■ **What is required**:
Look over the lines below. Report each one that includes the string "White".

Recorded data
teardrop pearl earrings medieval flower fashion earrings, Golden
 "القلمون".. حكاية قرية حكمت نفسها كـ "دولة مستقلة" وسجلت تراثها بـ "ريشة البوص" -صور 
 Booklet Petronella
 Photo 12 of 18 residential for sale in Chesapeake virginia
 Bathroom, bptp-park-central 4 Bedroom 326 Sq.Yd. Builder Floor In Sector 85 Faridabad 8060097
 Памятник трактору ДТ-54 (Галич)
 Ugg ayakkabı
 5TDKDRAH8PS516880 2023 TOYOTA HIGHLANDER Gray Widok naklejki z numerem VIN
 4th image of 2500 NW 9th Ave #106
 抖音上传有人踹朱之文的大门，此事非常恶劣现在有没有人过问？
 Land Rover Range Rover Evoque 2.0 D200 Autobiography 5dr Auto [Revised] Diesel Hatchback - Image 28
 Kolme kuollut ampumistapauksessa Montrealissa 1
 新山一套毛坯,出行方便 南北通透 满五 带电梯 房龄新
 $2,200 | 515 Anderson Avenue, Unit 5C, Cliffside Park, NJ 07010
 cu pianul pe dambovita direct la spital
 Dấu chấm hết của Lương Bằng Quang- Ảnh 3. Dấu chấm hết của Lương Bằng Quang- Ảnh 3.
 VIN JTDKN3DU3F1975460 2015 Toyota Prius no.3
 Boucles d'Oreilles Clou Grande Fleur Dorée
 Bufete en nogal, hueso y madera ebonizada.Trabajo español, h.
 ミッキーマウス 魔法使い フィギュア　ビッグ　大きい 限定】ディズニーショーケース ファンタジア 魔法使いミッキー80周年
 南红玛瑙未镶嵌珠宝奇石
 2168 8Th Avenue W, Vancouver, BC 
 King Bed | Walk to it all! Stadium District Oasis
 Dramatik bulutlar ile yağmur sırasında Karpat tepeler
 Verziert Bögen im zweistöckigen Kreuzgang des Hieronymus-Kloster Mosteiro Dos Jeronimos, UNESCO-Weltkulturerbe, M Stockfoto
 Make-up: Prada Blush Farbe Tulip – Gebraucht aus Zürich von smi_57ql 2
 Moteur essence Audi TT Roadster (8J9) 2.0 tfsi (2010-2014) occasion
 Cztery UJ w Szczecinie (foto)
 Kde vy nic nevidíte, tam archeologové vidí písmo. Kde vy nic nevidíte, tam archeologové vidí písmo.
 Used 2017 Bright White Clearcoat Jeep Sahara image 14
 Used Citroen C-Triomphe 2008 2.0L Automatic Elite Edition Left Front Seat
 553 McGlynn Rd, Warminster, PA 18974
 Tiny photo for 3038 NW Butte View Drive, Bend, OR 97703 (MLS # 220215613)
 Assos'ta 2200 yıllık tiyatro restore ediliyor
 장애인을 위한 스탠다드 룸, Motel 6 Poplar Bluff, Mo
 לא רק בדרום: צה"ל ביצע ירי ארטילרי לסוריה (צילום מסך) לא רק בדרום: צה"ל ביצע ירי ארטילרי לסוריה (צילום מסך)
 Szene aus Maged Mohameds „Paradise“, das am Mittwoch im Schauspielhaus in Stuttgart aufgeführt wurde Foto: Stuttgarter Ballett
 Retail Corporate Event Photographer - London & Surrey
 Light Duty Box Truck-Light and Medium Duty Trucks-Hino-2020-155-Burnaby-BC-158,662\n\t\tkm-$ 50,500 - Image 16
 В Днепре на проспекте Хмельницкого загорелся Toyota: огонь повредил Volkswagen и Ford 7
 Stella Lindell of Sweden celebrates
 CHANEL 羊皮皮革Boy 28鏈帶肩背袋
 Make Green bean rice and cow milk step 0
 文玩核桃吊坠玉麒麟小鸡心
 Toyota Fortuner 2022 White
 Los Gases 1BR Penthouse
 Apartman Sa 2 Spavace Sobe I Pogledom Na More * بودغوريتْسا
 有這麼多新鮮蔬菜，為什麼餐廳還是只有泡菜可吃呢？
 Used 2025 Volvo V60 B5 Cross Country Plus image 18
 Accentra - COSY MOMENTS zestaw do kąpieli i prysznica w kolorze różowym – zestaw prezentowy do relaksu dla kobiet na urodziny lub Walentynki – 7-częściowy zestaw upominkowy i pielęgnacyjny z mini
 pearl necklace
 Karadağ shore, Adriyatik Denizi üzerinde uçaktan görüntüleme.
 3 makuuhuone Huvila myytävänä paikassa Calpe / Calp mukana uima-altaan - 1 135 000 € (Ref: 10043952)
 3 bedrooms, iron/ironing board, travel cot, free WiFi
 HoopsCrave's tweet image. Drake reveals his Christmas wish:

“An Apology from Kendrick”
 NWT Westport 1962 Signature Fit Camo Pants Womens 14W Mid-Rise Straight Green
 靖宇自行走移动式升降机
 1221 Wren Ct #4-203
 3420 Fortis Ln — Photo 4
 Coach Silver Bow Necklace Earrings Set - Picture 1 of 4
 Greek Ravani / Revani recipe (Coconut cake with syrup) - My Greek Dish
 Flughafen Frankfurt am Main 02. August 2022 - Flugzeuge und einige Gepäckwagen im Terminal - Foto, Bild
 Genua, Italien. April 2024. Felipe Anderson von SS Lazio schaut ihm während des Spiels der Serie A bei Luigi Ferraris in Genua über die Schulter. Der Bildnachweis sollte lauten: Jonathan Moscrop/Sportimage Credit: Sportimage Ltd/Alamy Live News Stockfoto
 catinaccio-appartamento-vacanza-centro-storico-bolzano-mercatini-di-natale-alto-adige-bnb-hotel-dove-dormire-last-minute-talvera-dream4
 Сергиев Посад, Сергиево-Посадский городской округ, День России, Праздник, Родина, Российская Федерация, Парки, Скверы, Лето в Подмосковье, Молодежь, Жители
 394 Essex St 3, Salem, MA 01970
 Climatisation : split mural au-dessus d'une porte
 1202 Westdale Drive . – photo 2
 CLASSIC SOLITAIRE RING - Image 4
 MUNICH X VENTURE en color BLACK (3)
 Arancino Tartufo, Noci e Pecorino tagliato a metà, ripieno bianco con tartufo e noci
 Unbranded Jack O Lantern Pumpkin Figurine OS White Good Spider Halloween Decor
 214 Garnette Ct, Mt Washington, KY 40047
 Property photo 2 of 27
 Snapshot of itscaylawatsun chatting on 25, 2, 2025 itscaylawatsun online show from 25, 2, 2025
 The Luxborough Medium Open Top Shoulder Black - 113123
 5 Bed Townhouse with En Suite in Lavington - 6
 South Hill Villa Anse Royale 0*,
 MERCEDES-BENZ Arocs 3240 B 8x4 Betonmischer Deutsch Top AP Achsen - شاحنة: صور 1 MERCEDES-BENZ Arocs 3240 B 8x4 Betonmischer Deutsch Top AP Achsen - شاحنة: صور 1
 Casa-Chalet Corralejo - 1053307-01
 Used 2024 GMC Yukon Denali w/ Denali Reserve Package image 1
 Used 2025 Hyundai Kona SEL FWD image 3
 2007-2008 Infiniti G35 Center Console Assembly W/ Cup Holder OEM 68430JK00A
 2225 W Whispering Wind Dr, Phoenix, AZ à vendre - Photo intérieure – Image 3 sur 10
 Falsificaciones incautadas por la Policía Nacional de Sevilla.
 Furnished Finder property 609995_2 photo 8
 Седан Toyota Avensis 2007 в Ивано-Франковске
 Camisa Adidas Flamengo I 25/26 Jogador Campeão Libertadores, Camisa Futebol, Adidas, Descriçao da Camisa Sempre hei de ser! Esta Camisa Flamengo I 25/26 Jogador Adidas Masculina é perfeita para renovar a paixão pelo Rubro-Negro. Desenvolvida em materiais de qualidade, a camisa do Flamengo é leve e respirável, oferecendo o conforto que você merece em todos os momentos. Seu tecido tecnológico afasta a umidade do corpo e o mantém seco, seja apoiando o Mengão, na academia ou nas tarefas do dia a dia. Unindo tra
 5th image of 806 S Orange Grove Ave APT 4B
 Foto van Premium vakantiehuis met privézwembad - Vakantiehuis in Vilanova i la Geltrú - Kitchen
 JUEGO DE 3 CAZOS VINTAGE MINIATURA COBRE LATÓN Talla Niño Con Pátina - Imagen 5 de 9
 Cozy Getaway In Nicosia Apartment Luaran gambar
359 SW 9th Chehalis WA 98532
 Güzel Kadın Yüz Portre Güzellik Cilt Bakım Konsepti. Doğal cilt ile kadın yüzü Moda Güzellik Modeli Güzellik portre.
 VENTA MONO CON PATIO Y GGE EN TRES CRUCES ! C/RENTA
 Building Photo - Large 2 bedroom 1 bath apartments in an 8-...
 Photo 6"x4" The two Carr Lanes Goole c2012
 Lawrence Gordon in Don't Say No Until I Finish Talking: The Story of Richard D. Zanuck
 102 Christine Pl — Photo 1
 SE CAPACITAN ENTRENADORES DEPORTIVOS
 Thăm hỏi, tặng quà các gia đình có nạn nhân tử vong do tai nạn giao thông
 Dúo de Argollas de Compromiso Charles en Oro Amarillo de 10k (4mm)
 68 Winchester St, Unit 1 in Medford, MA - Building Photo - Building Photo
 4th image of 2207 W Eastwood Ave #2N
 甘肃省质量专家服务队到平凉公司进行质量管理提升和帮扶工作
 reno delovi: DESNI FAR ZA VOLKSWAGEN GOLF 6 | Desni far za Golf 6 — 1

■ **Response to the task**:
 Used 2017 Bright White Clearcoat Jeep Sahara image 14
 Toyota Fortuner 2022 White
 Unbranded Jack O Lantern Pumpkin Figurine OS White Good Spider Halloween Decor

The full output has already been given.